Robert Mertens's day gecko (Phelsuma robertmertensi) is diurnal species of lizard in the family Gekkonidae. The species is endemic to the Comoros.

==Etymology==
The specific name, robertmertensi, is in honour of German herpetologist Robert Mertens.

==Description==
One of the smallest species of its genus, Phelsuma robertmertensi can reach a total length (tail included) of about 11 cm. The body colour can be dark green or bluish green. An orange mid dorsal stripe extends from the head to the tail. The sides of the neck as well as the flanks are greyish brown.

==Geographic range==
Phelsuma robertmertensi inhabits only a small area on the island of Mayotte in the Comoro Islands.

==Habitat==
The preferred natural habitat of Phelsuma robertmertensi is forest, but it is also often found on banana trees and in abandoned vanilla orchid plantations.

==Diet==
Phelsuma robertmertensi feeds on various insects and other invertebrates. It also licks soft, sweet fruit, pollen and nectar.

==Reproduction==
Phelsuma robertmertensi is oviparous.

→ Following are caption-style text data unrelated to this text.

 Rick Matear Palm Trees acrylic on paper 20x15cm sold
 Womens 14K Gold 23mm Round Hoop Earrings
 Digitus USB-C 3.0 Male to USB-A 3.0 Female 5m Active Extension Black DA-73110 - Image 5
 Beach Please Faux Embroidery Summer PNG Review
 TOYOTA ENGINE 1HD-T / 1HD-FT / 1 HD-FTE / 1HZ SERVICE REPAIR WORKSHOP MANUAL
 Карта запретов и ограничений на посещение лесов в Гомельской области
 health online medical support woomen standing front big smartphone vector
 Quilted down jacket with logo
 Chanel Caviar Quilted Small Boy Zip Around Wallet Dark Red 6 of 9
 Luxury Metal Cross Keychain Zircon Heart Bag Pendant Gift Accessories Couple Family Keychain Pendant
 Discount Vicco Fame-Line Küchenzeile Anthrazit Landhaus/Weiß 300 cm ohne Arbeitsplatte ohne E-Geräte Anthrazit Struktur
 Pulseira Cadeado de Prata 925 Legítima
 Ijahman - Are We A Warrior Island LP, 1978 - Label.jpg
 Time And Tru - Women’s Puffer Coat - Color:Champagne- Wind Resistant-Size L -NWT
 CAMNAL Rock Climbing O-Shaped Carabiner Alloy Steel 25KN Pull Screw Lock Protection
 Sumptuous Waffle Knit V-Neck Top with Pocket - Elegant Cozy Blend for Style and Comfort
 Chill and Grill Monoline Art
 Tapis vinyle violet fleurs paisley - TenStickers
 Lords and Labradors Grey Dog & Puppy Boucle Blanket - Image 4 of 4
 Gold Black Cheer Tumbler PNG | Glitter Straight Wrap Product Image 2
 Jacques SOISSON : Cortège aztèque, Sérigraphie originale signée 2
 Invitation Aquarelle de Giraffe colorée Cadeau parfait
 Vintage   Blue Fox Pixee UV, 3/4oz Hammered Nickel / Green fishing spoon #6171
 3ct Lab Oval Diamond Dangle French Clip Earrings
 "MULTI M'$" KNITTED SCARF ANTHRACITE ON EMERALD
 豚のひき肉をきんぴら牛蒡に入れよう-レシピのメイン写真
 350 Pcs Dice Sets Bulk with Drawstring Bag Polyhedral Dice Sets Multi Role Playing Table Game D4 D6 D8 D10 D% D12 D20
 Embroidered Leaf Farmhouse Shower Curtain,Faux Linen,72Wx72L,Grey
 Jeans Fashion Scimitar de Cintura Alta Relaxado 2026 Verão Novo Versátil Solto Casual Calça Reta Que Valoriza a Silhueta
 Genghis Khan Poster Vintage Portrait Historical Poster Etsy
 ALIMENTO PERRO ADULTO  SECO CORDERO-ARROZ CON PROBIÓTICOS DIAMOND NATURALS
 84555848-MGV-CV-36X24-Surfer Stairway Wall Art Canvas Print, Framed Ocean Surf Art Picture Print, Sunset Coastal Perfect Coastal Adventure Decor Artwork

At a temperature of 28 C, the young will hatch after approximately 49–53 days. The juveniles measure 19–22 mm.

==Care and maintenance in captivity==
Phelsuma robertmertensi should be housed in pairs and needs a well planted terrarium. The temperature should be 25–28 °C. The humidity should be 75–100%. In captivity, it can be fed crickets, wax moth larvae, fruit flies, mealworms and houseflies.